__What to do__
Please return exactly the line that contains "魏震禁赛引发热议 球迷和专家各执一词 探讨公平性与处罚尺度" and every line after it, through the last line of the records below, with no pictures.

[Data items]
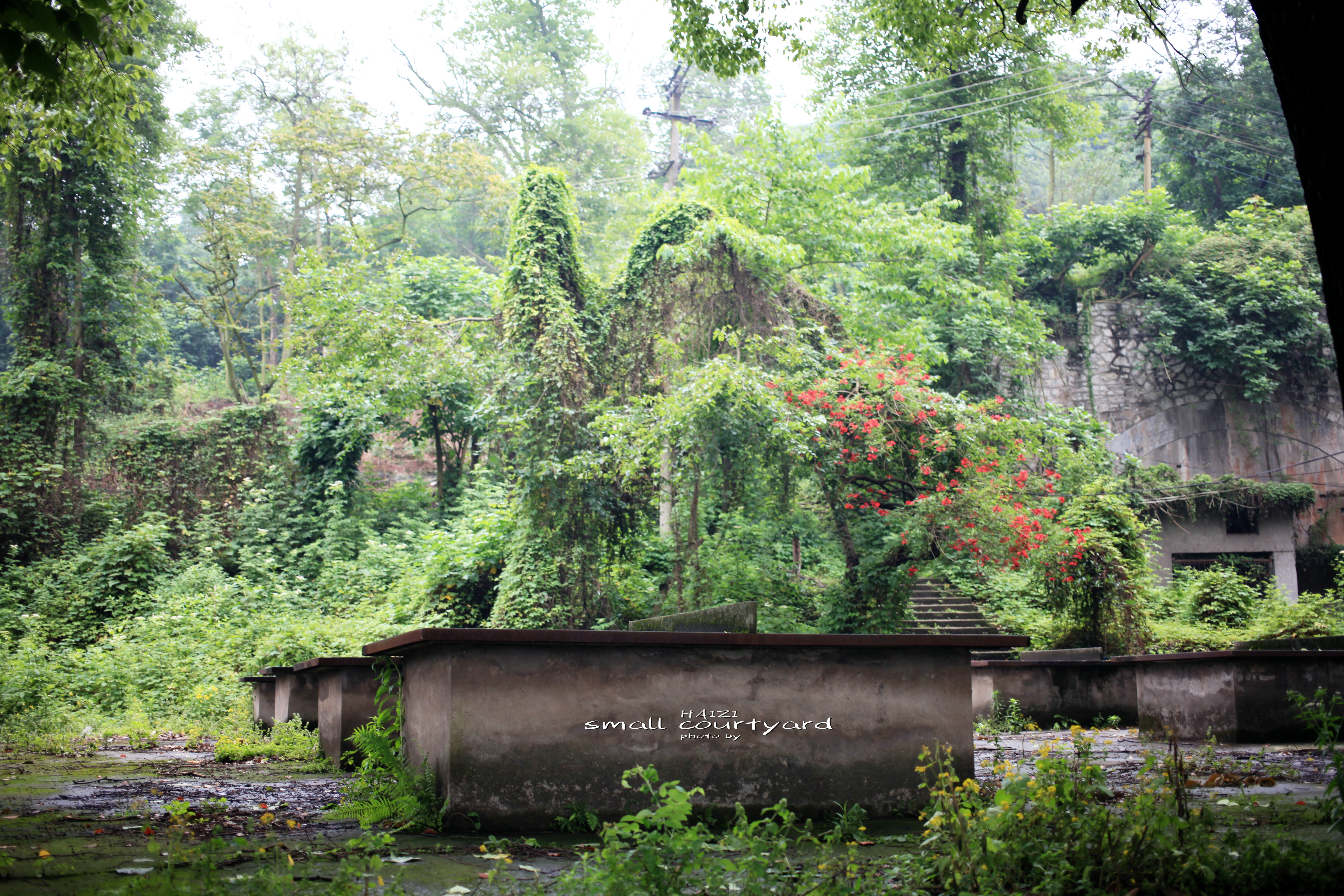北碚区原三线建设老厂区,北碚机械工业部第三设计院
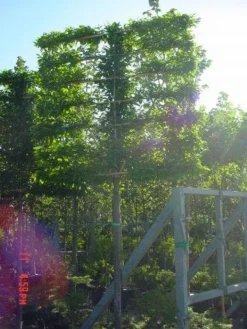 Haagbeuk Als Leiboom (Carpinus Betulus)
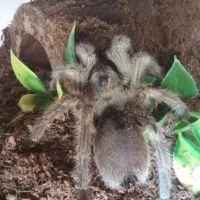 17372 baby tarantula arkansas behavior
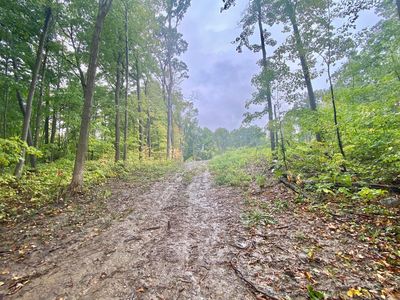 8000 Stephenson Rd, Onsted, MI, 49265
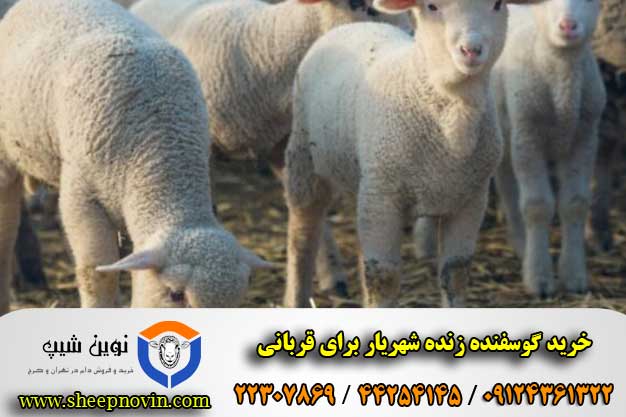 خرید گوسفنده زنده شهریار برای قربانی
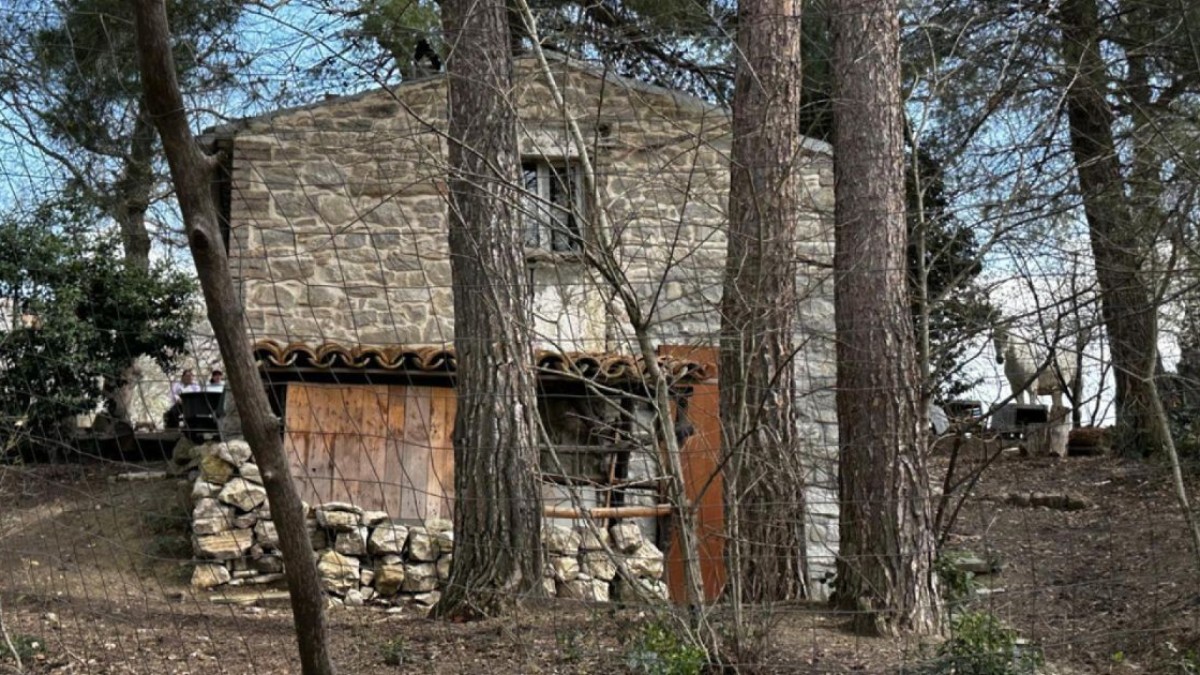famiglia nel bosco i tre figli tornano a palmoli per il primo fine settimana con i genitori dopo 11 mesi da Ilfattoquotidiano.it famiglia nel bosco i tre figli tornano a palmoli per il primo fine settimana con i genitori dopo 11 mesi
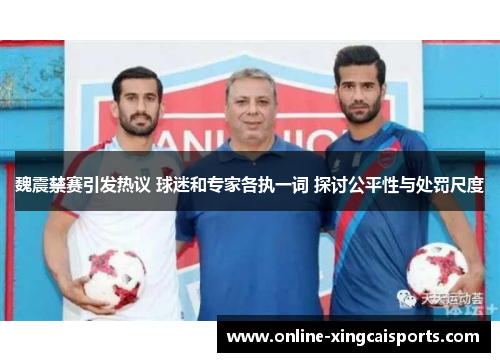 魏震禁赛引发热议 球迷和专家各执一词 探讨公平性与处罚尺度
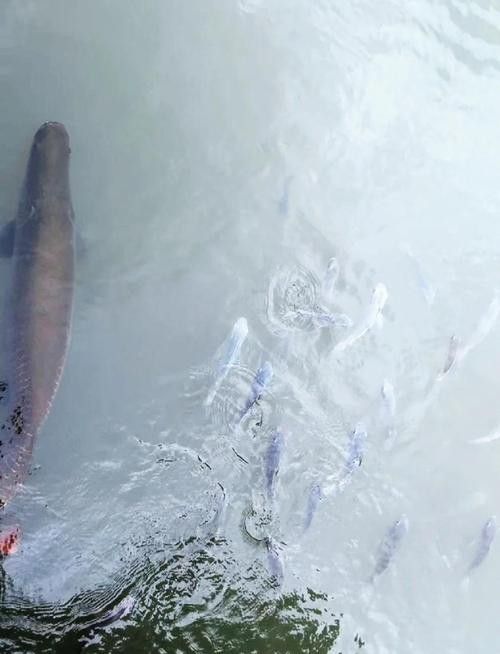 巨骨舌魚和金龍魚的區別圖片大全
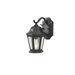 Martinsville One Light Outdoor Lantern in Black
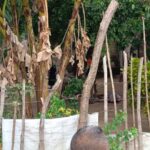 Dos personas fueron asesinadas a bala en el patio de una vivienda del corregimiento de Caracolí, Malambo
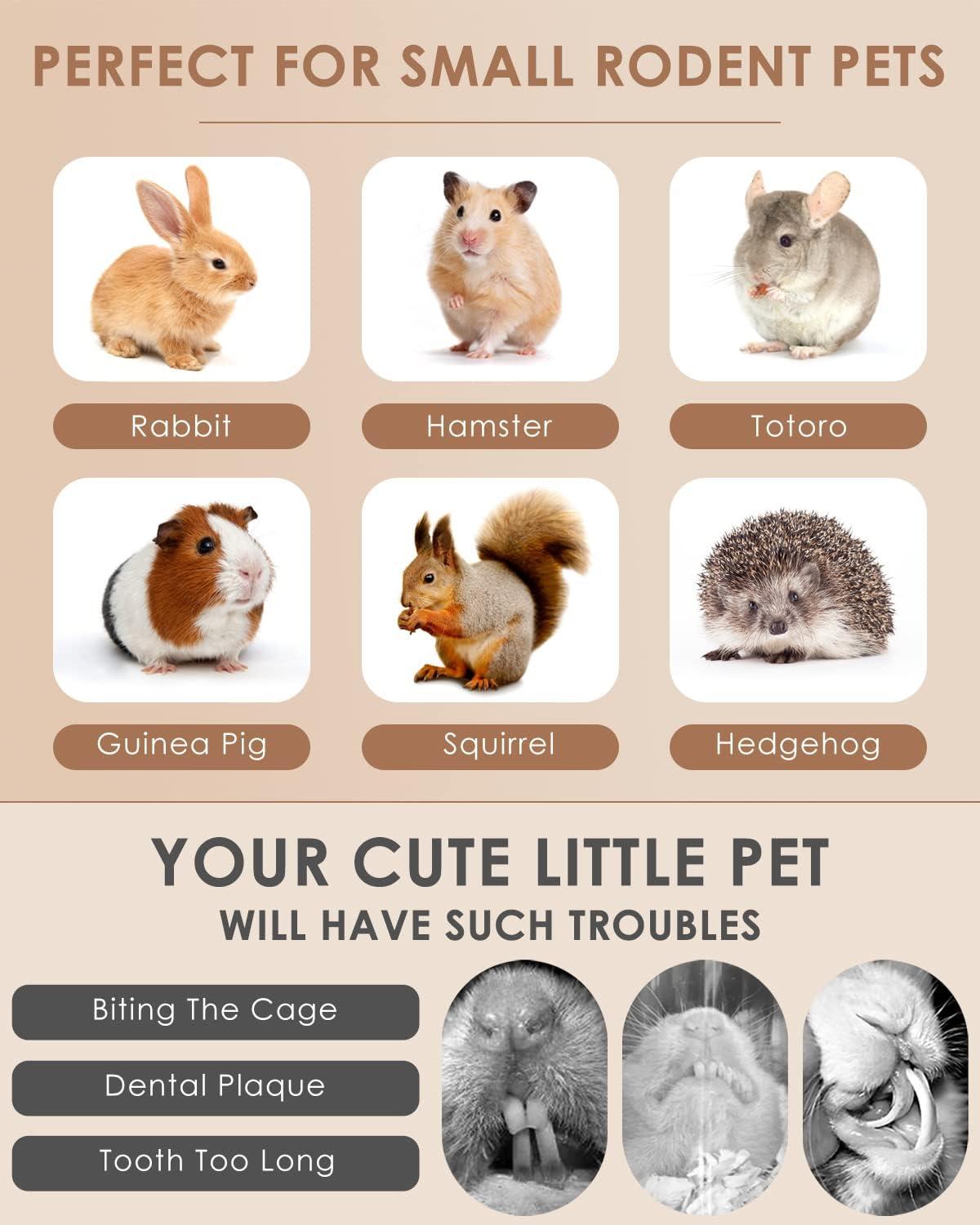 How We Keep Our Small Pets Happy and Healthy with Natural Chews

__Written response__
 魏震禁赛引发热议 球迷和专家各执一词 探讨公平性与处罚尺度
 巨骨舌魚和金龍魚的區別圖片大全
 Martinsville One Light Outdoor Lantern in Black
 Dos personas fueron asesinadas a bala en el patio de una vivienda del corregimiento de Caracolí, Malambo
 How We Keep Our Small Pets Happy and Healthy with Natural Chews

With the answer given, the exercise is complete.